What you have to do: The listing below begins with the first line you should copy; stop after the line containing "Un dormitorio moderno", and drop every picture.

------------

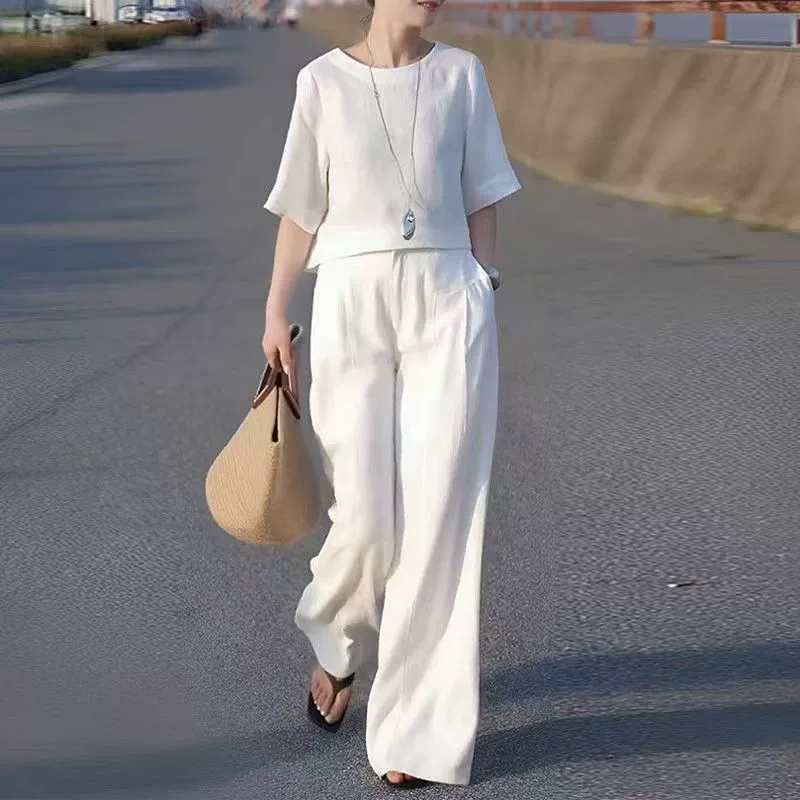 Летний костюм из льна 2025 года, однотонный, женский, свободные прямые брюки, стройнящий силуэт и высокий топ в западном стиле, комплект из двух предметов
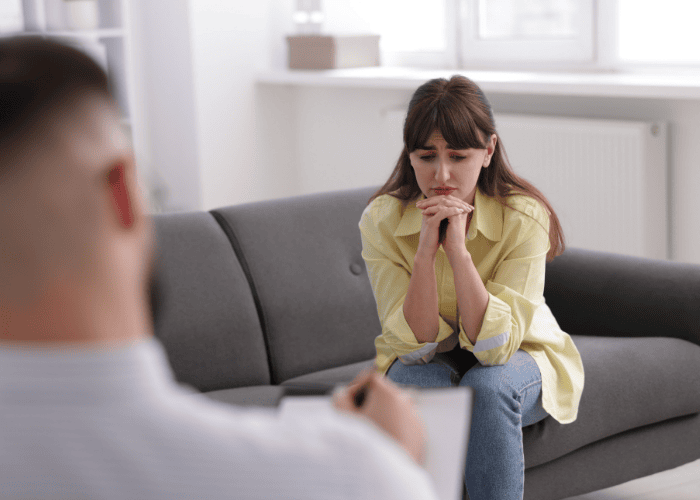 Woman in a therapy session wondering how minnesota is updating access to care in 2025-2026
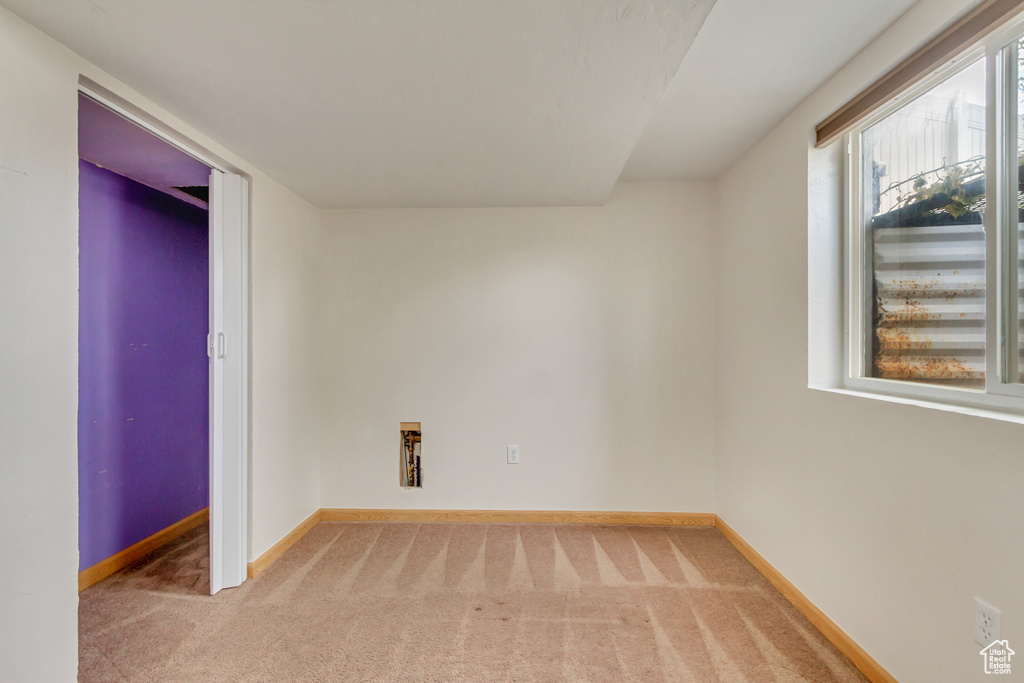 Carpeted empty room with plenty of natural light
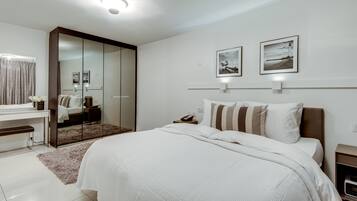 Un dormitorio moderno con una cama grande, un armario, una mesita de noche y dos cuadros colgados en la pared.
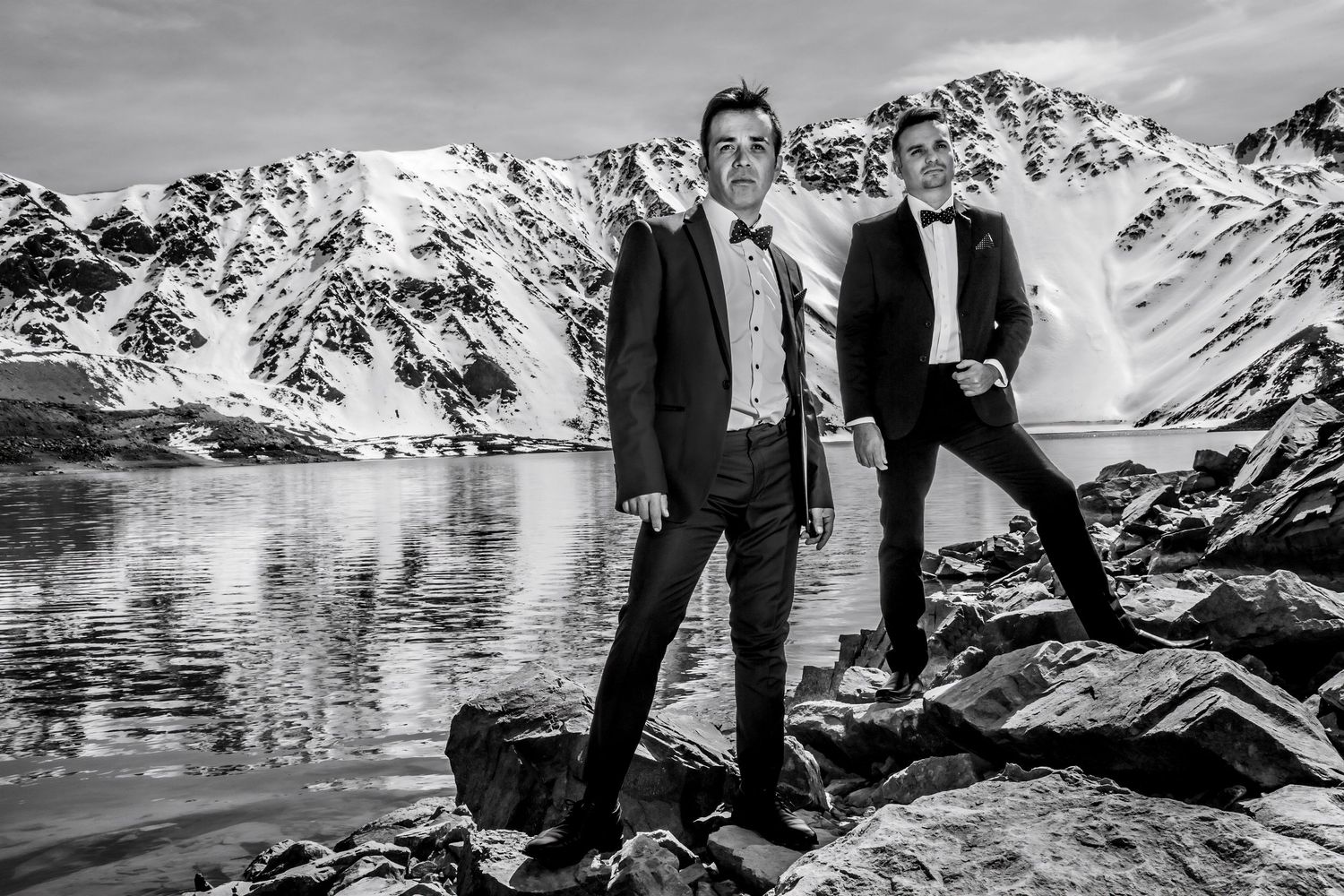 Black and white photo of two grooms in tuxedos posing by a glacial mountain lake.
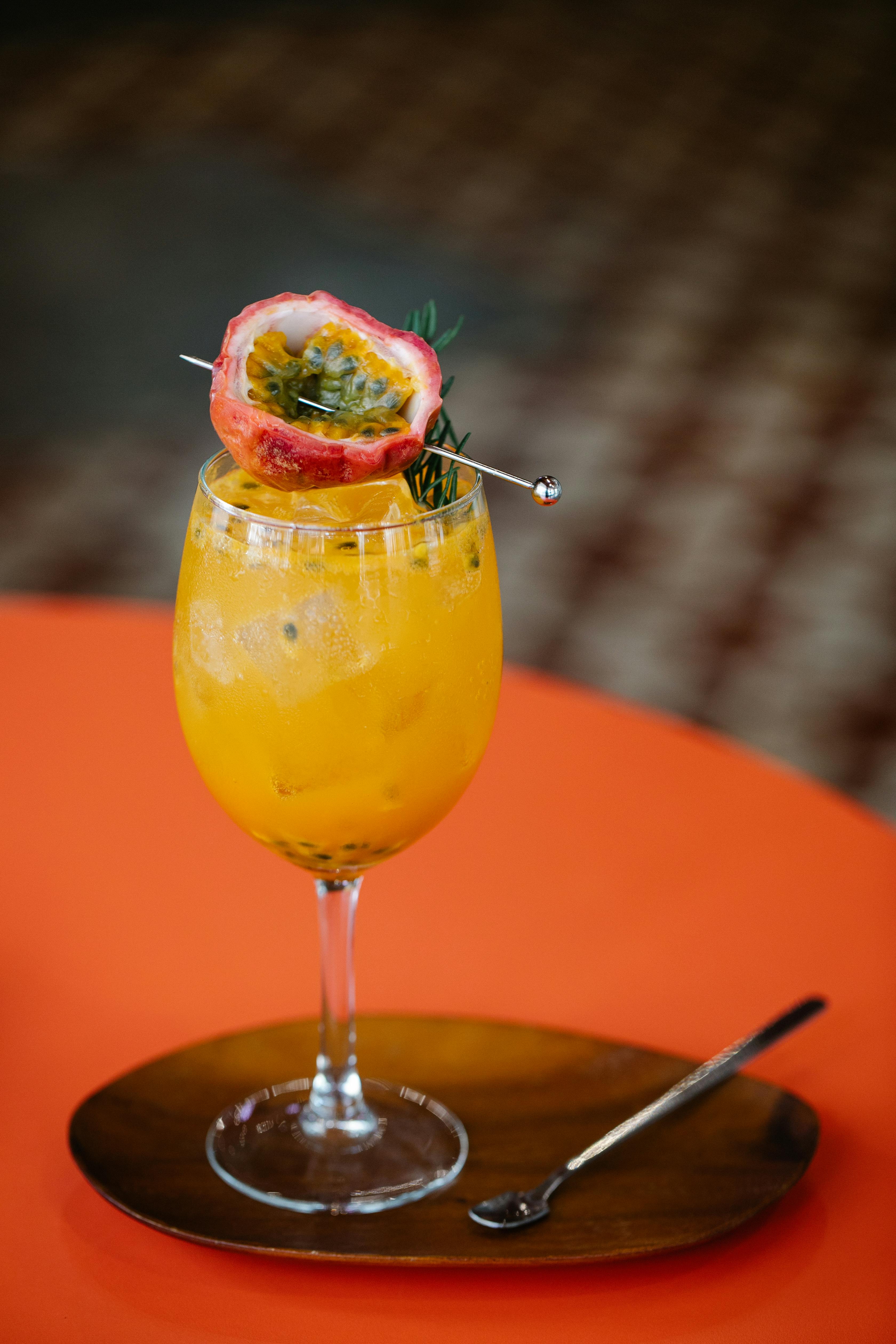 Tall glasses of fresh passionfruit juice with ice and mint leaves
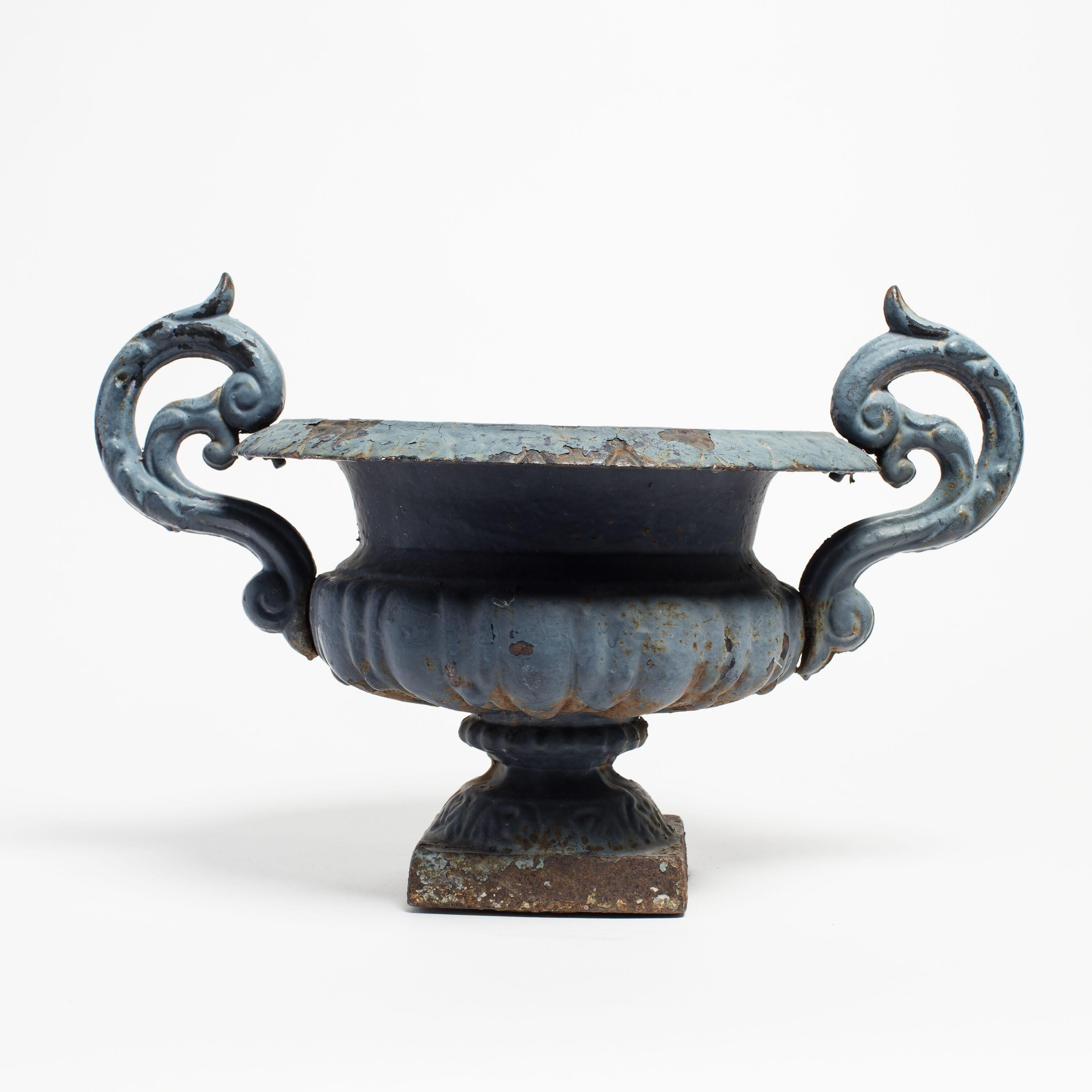 Neoclassical cast iron pedestal urn, made in France circa 1880. Striking blue enamel finish with a patina from age and weathering. This traditional garden element is ideal for elevating greenery. Discovered in the private collection of a dealer in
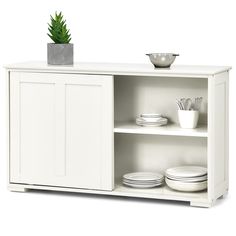 a white cabinet with plates and bowls on it's shelf next to a potted plant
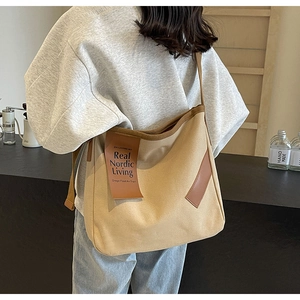 Detail view of a large beige canvas shoulder bag with brown leather straps and accents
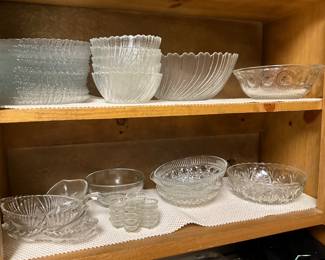 Kitchen - upper shelf I’d plates, bowls, large bowl, smaller bowl; second shelf - more bowls!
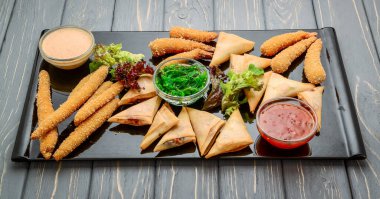 Farklı soslar ve salatalarla bir sürü lezzetli atıştırmalık. Ahşap arka planda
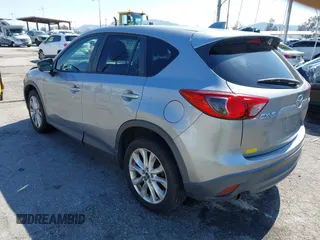 2014 Mazda CX-5 Grand Touring with VIN JM3KE2DY0E0331942, listed as a IAAI auction lot 41750533 with 163,387 mi miles. Bid and sale history available at carsss.com. Image 3.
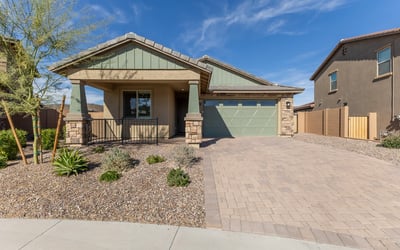 Stunning Peoria home exterior with paver driveway, stone detailing, and desert landscaping. Offers low-maintenance living and strong curb appeal.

------------

Result of this exercise:
 Летний костюм из льна 2025 года, однотонный, женский, свободные прямые брюки, стройнящий силуэт и высокий топ в западном стиле, комплект из двух предметов
 Woman in a therapy session wondering how minnesota is updating access to care in 2025-2026
 Carpeted empty room with plenty of natural light
 Un dormitorio moderno con una cama grande, un armario, una mesita de noche y dos cuadros colgados en la pared.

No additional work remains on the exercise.